All these factors made The Best Division a highly readable and influential work, and one that provided particularly useful knowledge concerning Mesopotamia, Syria, and Central Asia. In his career, al-Maqdisi helped set the pattern for a number of traveler/geographers who followed, among them al-Idrisi (1100-c. 1165), who fled political troubles in the Arab world to work as geographer for the Norman ruler Roger II of Sicily, and the former slave Yaqut (1179-1229), whose work provides a lasting portrait of Central Asia just before the Mongols arrived and forever changed the character of the place.

But perhaps the most obvious link is with the medieval Arab journeyer/geographer who is least obscure in the Christian West: Ibn Battuta (1304-1368). As with al-Maqdisi, who made the hajj or pilgrimage to Mecca three times, Ibn Battuta's journeys centered around a series of pilgrimages—in his case, four. Certainly Ibn Battuta traveled much further than al-Maqdisi—indeed, Ibn Battuta probably traveled further than anyone in the premodern era, including Marco Polo (1254-1324)—but he followed the pattern of engagement in the local culture established by al-Maqdisi and others. And yet for all the breadth of his travels, even Ibn Battuta did not experience as wide a variety of social interactions, nor did he work in as varied a range of professions, as al-Maqdisi.
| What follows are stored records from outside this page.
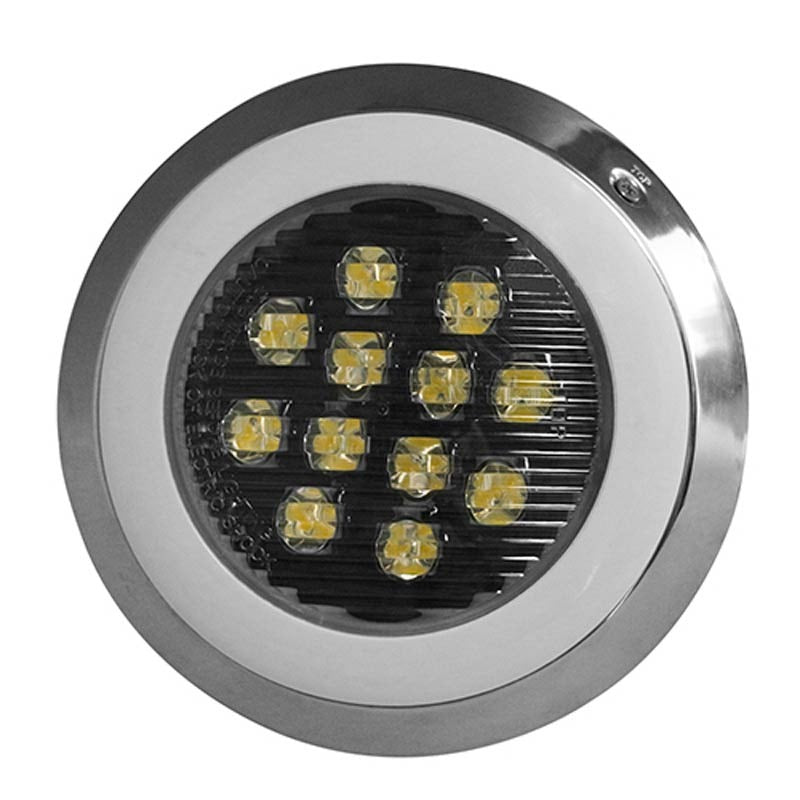 Ampoule LED de piscine KAZAPOOL UWPS – bleue, 12-24 V – vue 1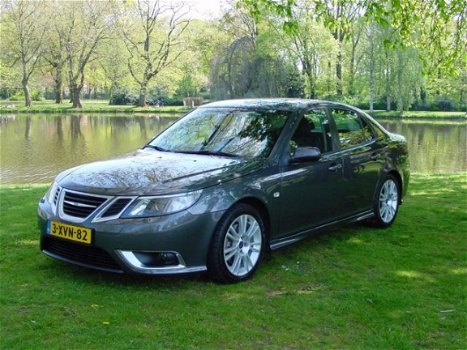 Saab 9-3 Sport Sedan - 1.9 TTID 180PK AERO - 1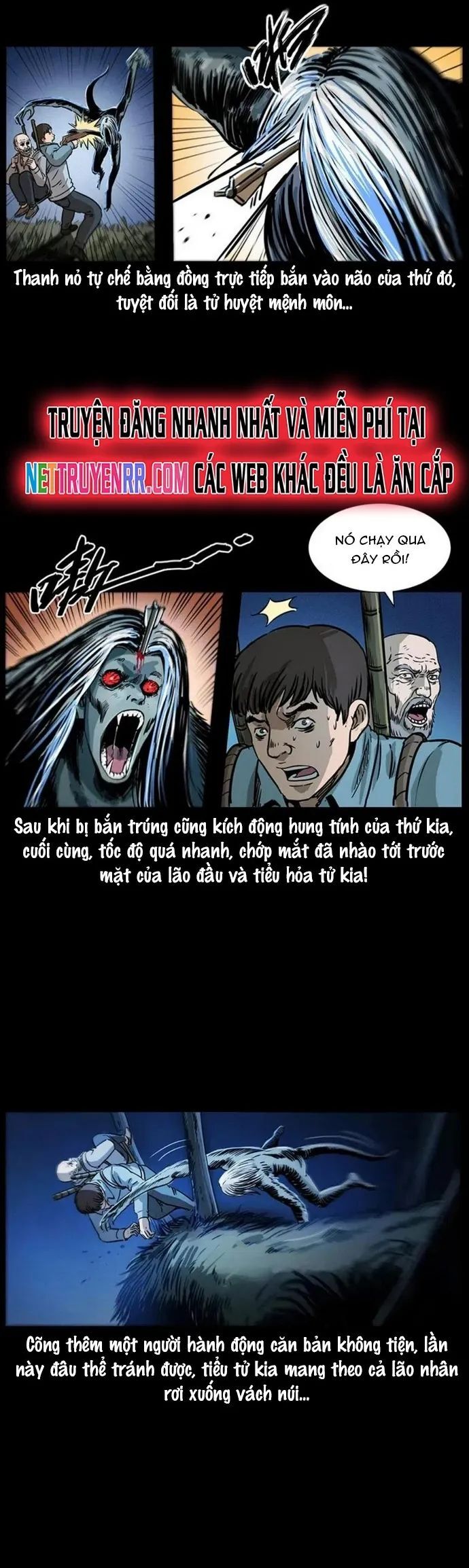 U Minh Ngụy Tượng Chương 328 Ảnh 10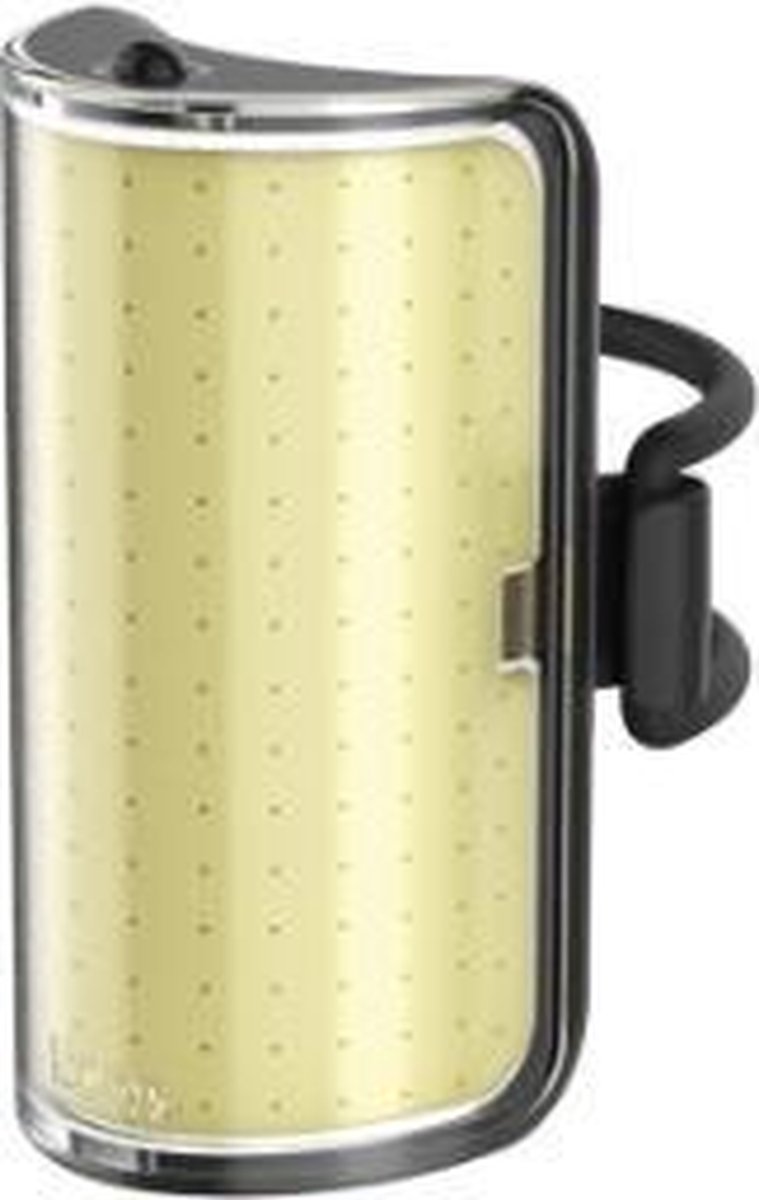 Knog voorlicht Mid Cobber led oplaadbaar 320 lumen/ - Zwart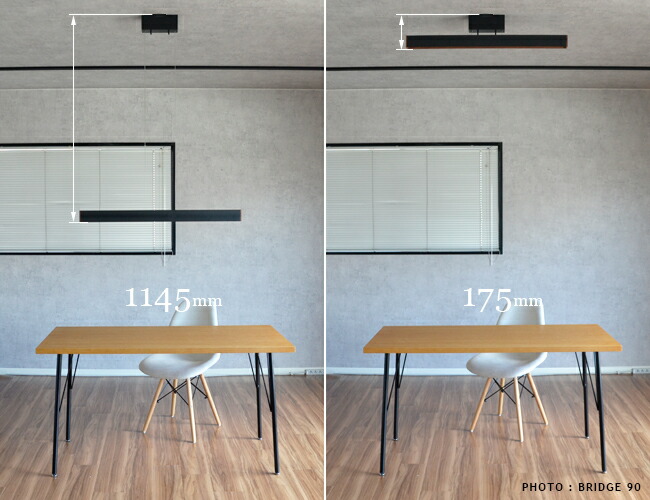 楽天市場】Bridge 60 LED pendant ARTWORKSTUDIO アートワークスタジオ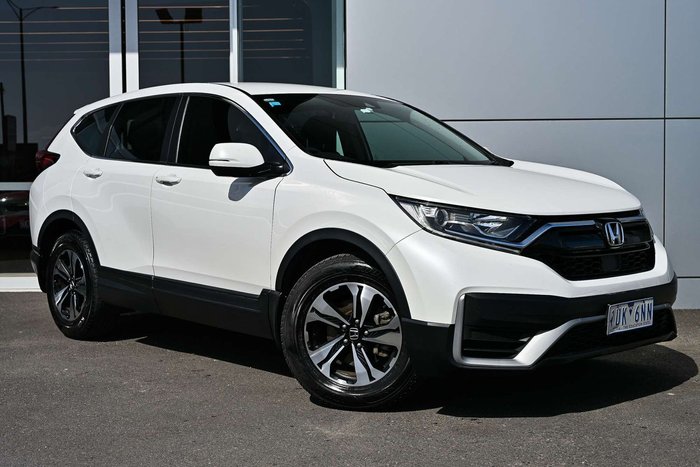 2021 Honda CR-V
Thus it is unfortunate to note that al-Maqdisi is virtually unknown in the West, and hardly more recognized in the Arabic-speaking world. The bulk of scholarship in English on his travels and writings centers on the work of Basil Anthony Collins, who translated The Best Division. Thus in a group whose most prominent figure, Ibn Battuta, is hardly a household name to begin with, al-Maqdisi is even more shrouded in obscurity. What makes this doubly unfortunate is the fact that al-Maqdisi and other early writers kept the geographer's profession alive at a time when Europe was turned inward. By the time of Ibn Battuta, at least, Europeans had rediscovered the outside world, largely through their contacts with Arabs and Byzantines in the Crusades. Ironically, however, few Europeans then or now recognized the debt they owed al-Maqdisi and other Arab writers of his time.


Further Reading

Alavi, S. M. Ziauddin. Arab Geography in the Ninth and Tenth Centuries. Aligarh, India: Aligarh Muslim University, 1965.

Collins, Basil Anthony. Al-Muqaddasi: The Man and His Work: With Selected Passages Translated from the Arabic. Ann Arbor: University of Michigan, 1974.

Al-Muqaddasi. The Best Divisions for Knowledge of the Regions: A Translation of Ahsan al-taqasim fi ma'rifat alaqalim, translated by Basil Anthony Collins. Reading, England: Centre for Muslim Contribution to Civilisation, 1994.